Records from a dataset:
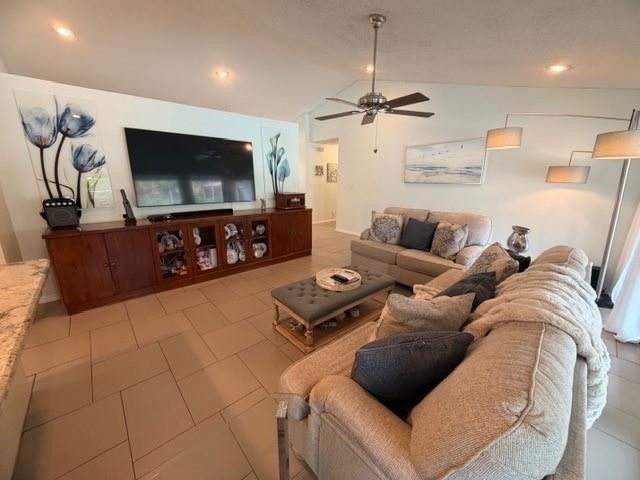 10931 NW 4th Street, Coral Springs, FL 33071 Photo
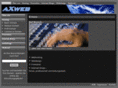 axhost.de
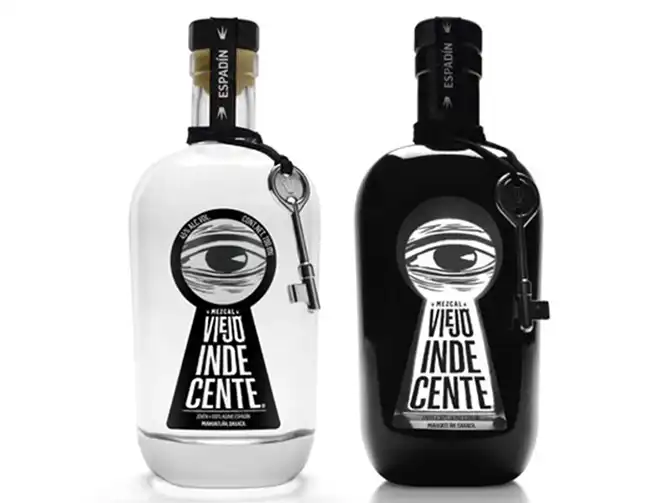 Лучшая упаковка февраля 2014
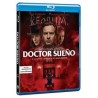 Doctor Sueño (Blu-Ray)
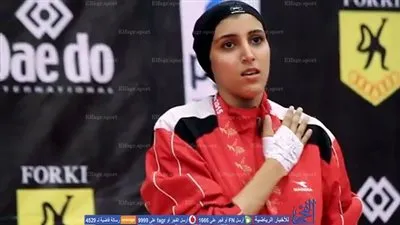 الاتحاد الدولي للكاراتيه يختار 5 مصريين للعب في دورة الألعاب العالمية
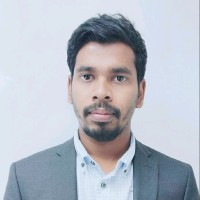 Mohammad Belal Hossain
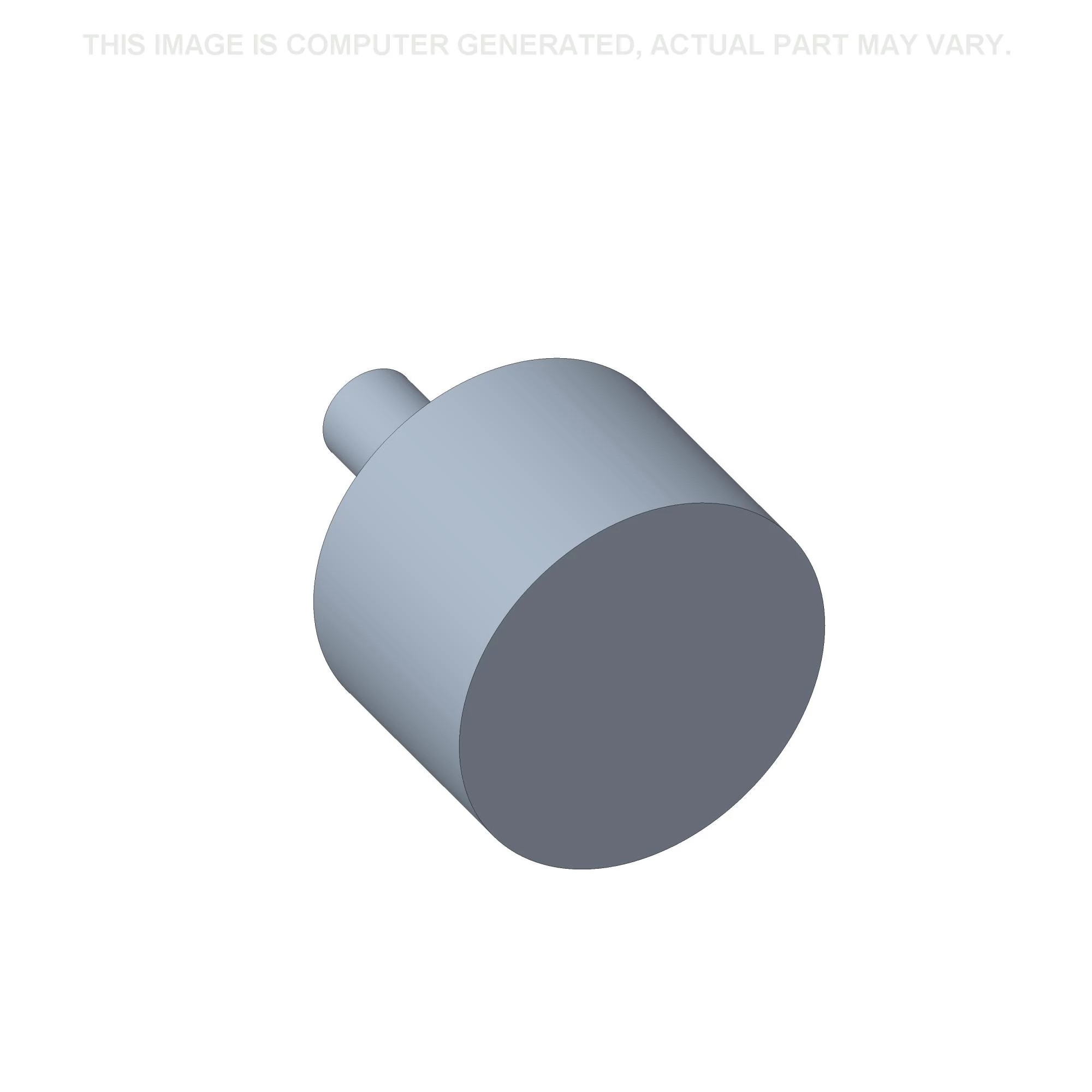 PARA-CHOQUE | NEWHOLLANDAG | BR | PT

> [WHAT YOU NEED TO DO] What you return must match, line for line, the records from the line containing "Лучшая упаковка февраля 2014" through their end, with both ends included and no pictures.

> [EXPECTED ANSWER]
 Лучшая упаковка февраля 2014
 Doctor Sueño (Blu-Ray)
 الاتحاد الدولي للكاراتيه يختار 5 مصريين للعب في دورة الألعاب العالمية
 Mohammad Belal Hossain
 PARA-CHOQUE | NEWHOLLANDAG | BR | PT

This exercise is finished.